:: Work to complete ::
The lines below starting at the line containing "Welcome to the second" and ending at the line containing "Thank you guys" are to be repeated exactly, with both ends kept and nothing else added.

:: Records for the task ::
○ ○ ○ ○
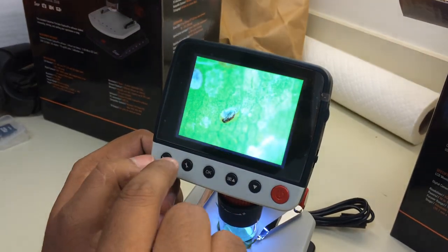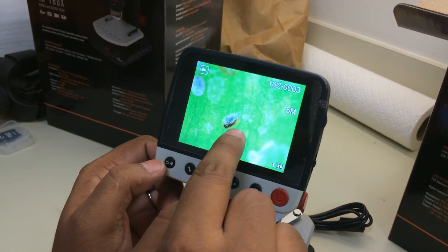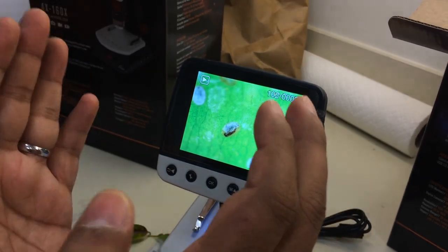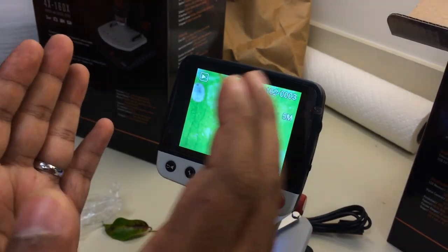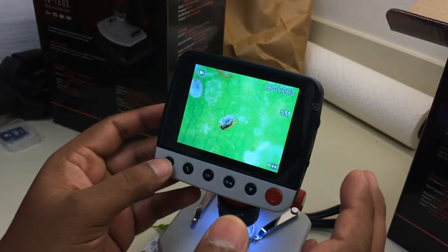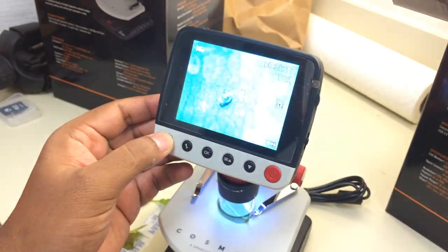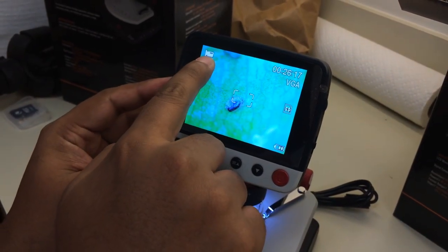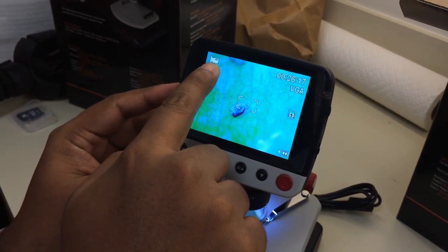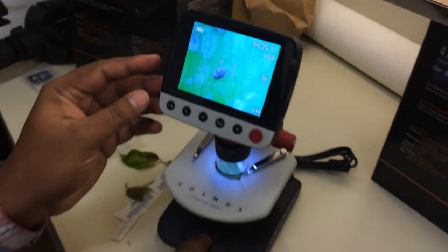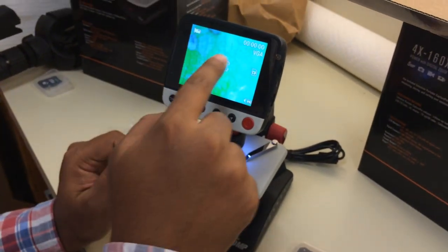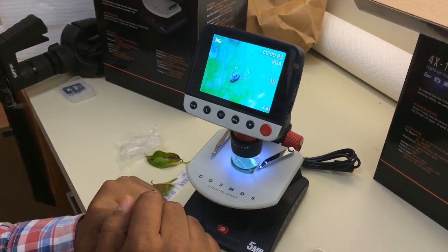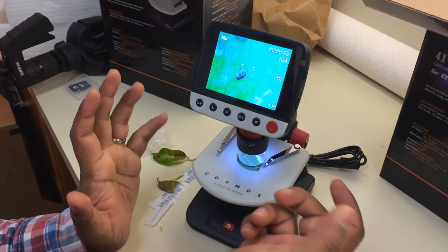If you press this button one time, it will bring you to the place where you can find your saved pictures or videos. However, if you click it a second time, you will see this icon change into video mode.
○ ○ ○ ○
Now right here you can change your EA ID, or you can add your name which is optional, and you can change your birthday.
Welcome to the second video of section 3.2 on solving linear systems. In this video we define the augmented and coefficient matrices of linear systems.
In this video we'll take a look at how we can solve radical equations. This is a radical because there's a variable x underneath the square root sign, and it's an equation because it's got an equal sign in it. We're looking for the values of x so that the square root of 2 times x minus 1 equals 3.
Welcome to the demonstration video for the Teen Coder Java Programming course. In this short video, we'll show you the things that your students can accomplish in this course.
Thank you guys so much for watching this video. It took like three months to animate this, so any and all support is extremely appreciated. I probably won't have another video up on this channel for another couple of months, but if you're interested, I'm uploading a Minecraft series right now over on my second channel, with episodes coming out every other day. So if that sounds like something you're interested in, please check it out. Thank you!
○ ○ ○ ○
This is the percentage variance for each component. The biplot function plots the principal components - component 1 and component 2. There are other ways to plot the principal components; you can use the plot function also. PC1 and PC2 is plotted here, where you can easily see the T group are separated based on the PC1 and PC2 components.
○ ○ ○ ○
:: Your response ::
Welcome to the second video of section 3.2 on solving linear systems. In this video we define the augmented and coefficient matrices of linear systems.
In this video we'll take a look at how we can solve radical equations. This is a radical because there's a variable x underneath the square root sign, and it's an equation because it's got an equal sign in it. We're looking for the values of x so that the square root of 2 times x minus 1 equals 3.
Welcome to the demonstration video for the Teen Coder Java Programming course. In this short video, we'll show you the things that your students can accomplish in this course.
Thank you guys so much for watching this video. It took like three months to animate this, so any and all support is extremely appreciated. I probably won't have another video up on this channel for another couple of months, but if you're interested, I'm uploading a Minecraft series right now over on my second channel, with episodes coming out every other day. So if that sounds like something you're interested in, please check it out. Thank you!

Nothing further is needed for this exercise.